The Supreme Court granted review today in Northwest Austin Municipal Utility District Number One v. Michael Mukasey, a case revolving around whether or not there is still sufficient justification to force municipalities to have their districts pre-approved by Congress.

§5 of the Voting Rights Act, now 42 U.S.C 1973(c), forces certain ‘covered jurisdictions’ to have voting procedures pre-cleared by a three-judge panel from the District Court for the District of Columbia, per 28 U.S.C 2284. All appeals are immediately directed towards the Supreme Court and bypass the Court of Appeals.

If localities wish to change their voting procedures or practices, they must

institute an action in the United States District Court for the District of Columbia for a declaratory judgment that such qualification, prerequisite, standard, practice, or procedure does not have the purpose and will not have the effect of denying or abridging the right to vote on account of race or color, or in contravention of the guarantees set forth in section 1973b (f)(2) of this title

However, per §4 of the VRA and 42 U.S.C 1973(b) localities may ‘bail out’ of the program if they have had no infractions of the VRA in the last 10 years.
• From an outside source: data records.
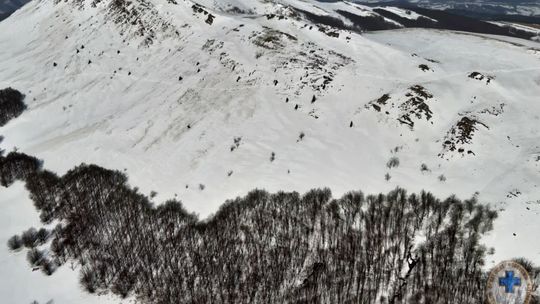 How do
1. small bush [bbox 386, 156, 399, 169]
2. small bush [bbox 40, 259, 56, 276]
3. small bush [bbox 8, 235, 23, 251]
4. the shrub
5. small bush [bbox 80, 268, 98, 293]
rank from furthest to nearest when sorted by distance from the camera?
1. the shrub
2. small bush [bbox 386, 156, 399, 169]
3. small bush [bbox 8, 235, 23, 251]
4. small bush [bbox 40, 259, 56, 276]
5. small bush [bbox 80, 268, 98, 293]

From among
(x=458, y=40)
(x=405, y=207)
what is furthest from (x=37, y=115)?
(x=458, y=40)

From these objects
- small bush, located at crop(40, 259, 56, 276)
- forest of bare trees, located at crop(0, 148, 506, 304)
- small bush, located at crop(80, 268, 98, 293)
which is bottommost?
small bush, located at crop(40, 259, 56, 276)

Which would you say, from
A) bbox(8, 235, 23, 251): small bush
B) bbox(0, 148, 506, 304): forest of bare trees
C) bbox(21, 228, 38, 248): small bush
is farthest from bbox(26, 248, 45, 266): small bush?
bbox(8, 235, 23, 251): small bush

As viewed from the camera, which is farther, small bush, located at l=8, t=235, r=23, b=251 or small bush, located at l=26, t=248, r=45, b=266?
small bush, located at l=8, t=235, r=23, b=251

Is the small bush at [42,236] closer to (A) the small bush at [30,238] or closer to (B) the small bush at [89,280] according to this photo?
(A) the small bush at [30,238]

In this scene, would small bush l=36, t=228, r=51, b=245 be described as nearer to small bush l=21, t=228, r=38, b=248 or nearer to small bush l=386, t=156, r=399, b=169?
small bush l=21, t=228, r=38, b=248

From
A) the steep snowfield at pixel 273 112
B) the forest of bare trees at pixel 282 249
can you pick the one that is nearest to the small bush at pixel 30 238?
the forest of bare trees at pixel 282 249

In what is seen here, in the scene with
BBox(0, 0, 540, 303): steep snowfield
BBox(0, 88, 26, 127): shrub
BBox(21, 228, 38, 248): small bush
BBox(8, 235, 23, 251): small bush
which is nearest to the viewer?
BBox(0, 0, 540, 303): steep snowfield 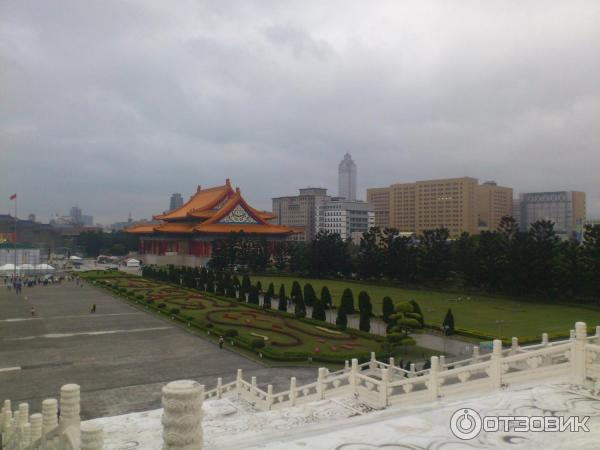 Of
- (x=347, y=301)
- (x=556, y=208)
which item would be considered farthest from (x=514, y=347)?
(x=556, y=208)

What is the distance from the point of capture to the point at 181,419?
4.80m

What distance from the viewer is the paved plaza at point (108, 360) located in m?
16.1

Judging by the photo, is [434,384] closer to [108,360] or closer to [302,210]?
[108,360]

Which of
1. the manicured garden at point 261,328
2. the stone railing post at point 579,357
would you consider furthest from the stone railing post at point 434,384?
the manicured garden at point 261,328

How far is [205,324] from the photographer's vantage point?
86.6 ft

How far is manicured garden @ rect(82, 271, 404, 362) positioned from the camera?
68.8ft

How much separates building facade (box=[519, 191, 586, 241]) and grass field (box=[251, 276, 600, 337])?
4265 inches

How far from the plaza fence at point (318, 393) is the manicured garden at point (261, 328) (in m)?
6.22

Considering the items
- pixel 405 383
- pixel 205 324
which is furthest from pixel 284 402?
pixel 205 324

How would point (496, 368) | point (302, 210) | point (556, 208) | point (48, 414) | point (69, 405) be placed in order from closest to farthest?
point (69, 405) < point (48, 414) < point (496, 368) < point (302, 210) < point (556, 208)

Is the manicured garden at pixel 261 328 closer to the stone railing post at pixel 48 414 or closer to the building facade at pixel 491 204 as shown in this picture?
the stone railing post at pixel 48 414

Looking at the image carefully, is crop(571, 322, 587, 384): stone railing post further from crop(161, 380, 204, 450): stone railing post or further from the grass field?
the grass field

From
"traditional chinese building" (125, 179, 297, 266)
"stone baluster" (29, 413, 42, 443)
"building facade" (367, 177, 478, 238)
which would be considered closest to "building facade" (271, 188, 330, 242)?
"building facade" (367, 177, 478, 238)

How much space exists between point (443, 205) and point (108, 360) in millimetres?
119868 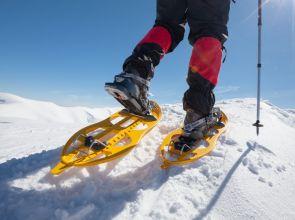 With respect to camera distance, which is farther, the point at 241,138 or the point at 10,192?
the point at 241,138

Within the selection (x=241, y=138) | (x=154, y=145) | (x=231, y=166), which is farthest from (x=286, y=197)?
(x=154, y=145)

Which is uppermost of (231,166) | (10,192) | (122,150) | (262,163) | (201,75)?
(201,75)

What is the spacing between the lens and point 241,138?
142 inches

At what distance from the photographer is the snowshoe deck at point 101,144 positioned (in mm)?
2521

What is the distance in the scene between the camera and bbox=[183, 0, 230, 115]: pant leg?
107 inches

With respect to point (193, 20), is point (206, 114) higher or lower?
lower

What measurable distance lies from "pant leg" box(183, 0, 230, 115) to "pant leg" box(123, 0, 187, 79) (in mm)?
389

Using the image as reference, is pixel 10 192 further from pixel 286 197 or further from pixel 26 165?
pixel 286 197

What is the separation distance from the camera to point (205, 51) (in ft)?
8.93

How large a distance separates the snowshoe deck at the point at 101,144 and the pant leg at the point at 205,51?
611 millimetres

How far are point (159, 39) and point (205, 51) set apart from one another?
2.13 ft

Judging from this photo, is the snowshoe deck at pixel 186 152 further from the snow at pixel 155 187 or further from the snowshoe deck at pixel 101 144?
the snowshoe deck at pixel 101 144

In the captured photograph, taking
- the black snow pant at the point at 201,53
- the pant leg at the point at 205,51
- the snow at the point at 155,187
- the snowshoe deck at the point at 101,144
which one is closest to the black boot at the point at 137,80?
the black snow pant at the point at 201,53

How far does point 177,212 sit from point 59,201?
888 millimetres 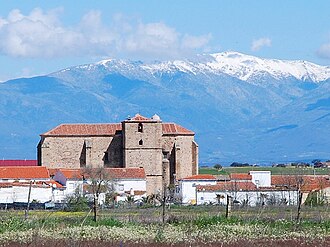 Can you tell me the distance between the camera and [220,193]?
72.8m

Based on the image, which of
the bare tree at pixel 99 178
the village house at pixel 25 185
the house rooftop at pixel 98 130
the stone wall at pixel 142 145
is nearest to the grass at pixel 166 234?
the village house at pixel 25 185

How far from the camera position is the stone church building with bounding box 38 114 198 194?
3302 inches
In the case here, the Northwest Austin Municipal Utility District Number One complied with §5 of the VRA and brought a case under §4 of the VRA in the US District Court for the District of Columbia in order to apply for a bail out. The district argued that they were eligible for the bailout per §4 based on their impeccable record of guaranteeing voter rights. Alternatively, they argue that §5 is unconstitutional when set to the congruence-and-proportionality test set out in City of Boerne v. Flores (1997). They maintain that if a district with a record like this one cannot activate a §4 bail out, §5 effectively binds districts indefinitely.

On May 30, 2008, the district court ruled against the district holding that (1) the district is not an ‘political subdivision’ as defined in the section and therefore is not eligible for §4 relief, (2) the rational-basis test is the appropriate test for concerns under the fifteenth amendment and §5 satisfies said test, and finally (3) §5 also passes the more stringent congruence-and-proportionality test.

The VRA gives the district the opportunity to appeal directly to the Supreme Court and therefore their case not heard by any intermediate appellate court. In one of their briefs to the Supreme Court (here), the district argues that, among other reasons, the election of Barack Obama shows that the United States political arena has changed drastically from the one that existed when the VRA was passed in 1965.

There is no warrant for continuing to presume that jurisdictions first identified four decades ago as needing extraordinary federal oversight through §5 remain uniformly incapable or unwilling to fulfill their obligations to faithfully protect the voting rights of all citizens in those parts of the country.

The brief for the appellant, the district, is due on February 19 and the response from the appellee will be due on March 20. The court will almost certainly hear arguments during the April sitting, which begins on April 20 and lasts until April 29.